# Human hair chewing dog



## dvmercke (Jan 21, 2011)

My Izzy is constantly chewing my hair and the hair of others:innocent: It is quit annoying. I spoke with her vet and groomer and they had no answers. Please help me..She will be 2 on Valentines day and has done this since 
she was a puppy.:smilie_tischkante:


----------



## uniquelovdolce (Mar 10, 2010)

all i could say is that it sounds like a habit . i have no clue , nmaybe put ther down , say no and ignore her every single time she does this , and when she doesnt do it praise and treat ?


----------



## silverhaven (Sep 6, 2009)

Awww! I love those little hair nips. Lola does this sometimes and it is really quite affectionate. She nibbles on eyebrows, hair and ears too, even tries to reach the eyelashes if I would let her. If it is done excessively though it sounds like you have have to stop her. A sharp ah ah, or no while removing her should work I should think, as she can't really get to the hair etc. unless you let her.


----------



## SugarBob62 (Nov 9, 2009)

HAHA Nelson is OBSESSED with wet hair...fresh outta the shower. He goes crazy for it. Rubbing on it, biting it, scratching on it. I have to get a video of it one of these days. I dunno what it is...

But sometimes he does nibble on the end if I'm holding him, but I too think it's cute. I guess I would be bothered though if he did it constantly, or on guests hahaha. But I dunno why he does that either...?


----------



## silverhaven (Sep 6, 2009)

SugarBob62 said:


> HAHA Nelson is OBSESSED with wet hair...fresh outta the shower. He goes crazy for it. Rubbing on it, biting it, scratching on it. I have to get a video of it one of these days. I dunno what it is...
> 
> But sometimes he does nibble on the end if I'm holding him, but I too think it's cute. I guess I would be bothered though if he did it constantly, or on guests hahaha. But I dunno why he does that either...?

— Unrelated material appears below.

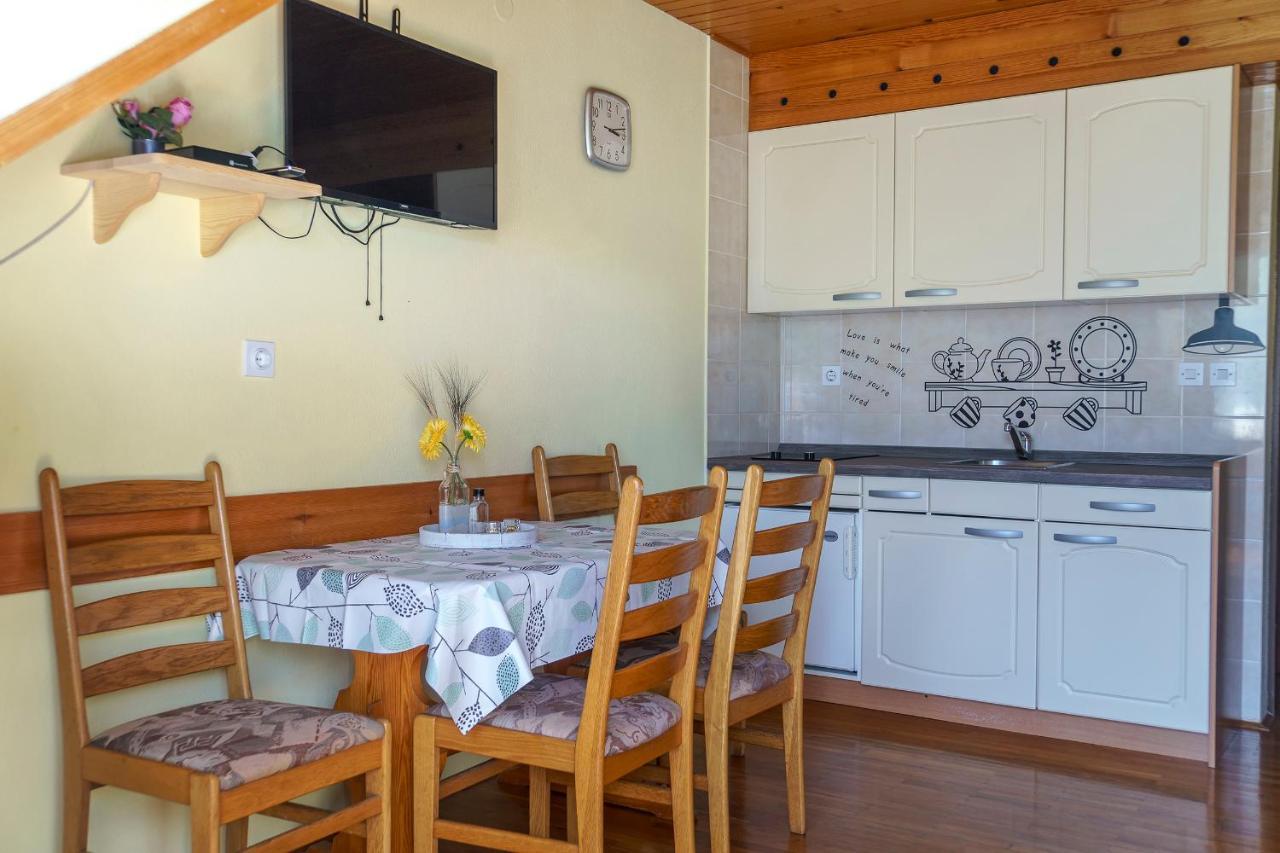 Apartments Zakrasnik Škofja Loka Екстериор снимка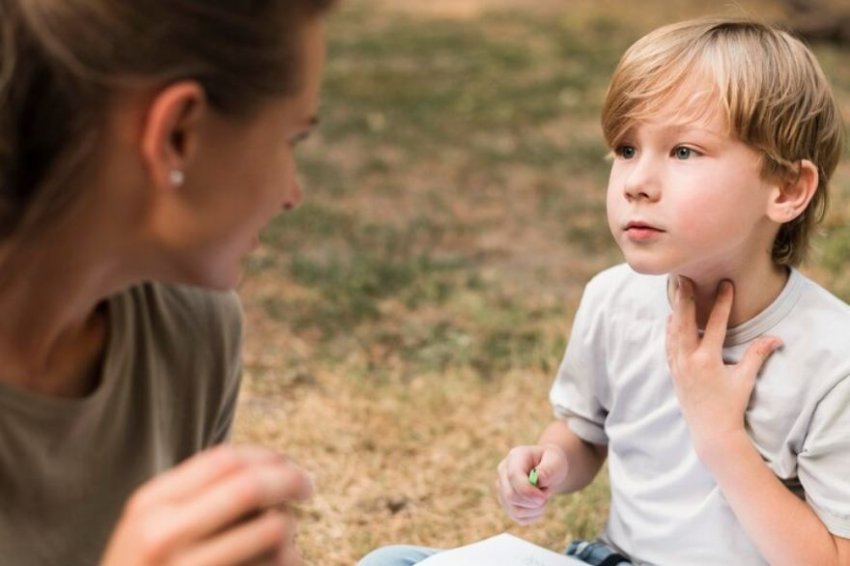 dy-te-tretat-e-femijeve-autike-jo-verbale-fitojne-te-foluren-permes-nderhyrjeve-terapeutike-te-bazuara-ne-prova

Too funny. Lola goes so crazy when hubby comes out of the shower it is now a ritual where he bends down to the floor so she can fly around his head rubbing and drying his hair :wub::wub:


----------



## maggieh (Dec 16, 2007)

Tessa does this when we're rolling around play wrestling on the floor!


----------



## princessre (Dec 23, 2008)

Casanova loves to chew on my hair too.....but only at night....He thinks he is "grooming" me. I thank him afterward. I think it's adorable too :wub: because he really thinks he is helping me.


----------



## aprilb (Jul 9, 2010)

My Lily is a hair-puller! Her favorite thing to do is pull the hairs on my hubby's arms, she pulls her sister's tail, and pulls at the fibers on my kitchen rug.!:smilie_tischkante:


----------



## SugarBob62 (Nov 9, 2009)

silverhaven said:


> Too funny. Lola goes so crazy when hubby comes out of the shower it is now a ritual where he bends down to the floor so she can fly around his head rubbing and drying his hair :wub::wub:


 
HHHAAHA thats exactly how it is here!!! A "ritual" :HistericalSmiley: :HistericalSmiley: :HistericalSmiley:

Funny, the crazy things we let our dogs to...US!!!


----------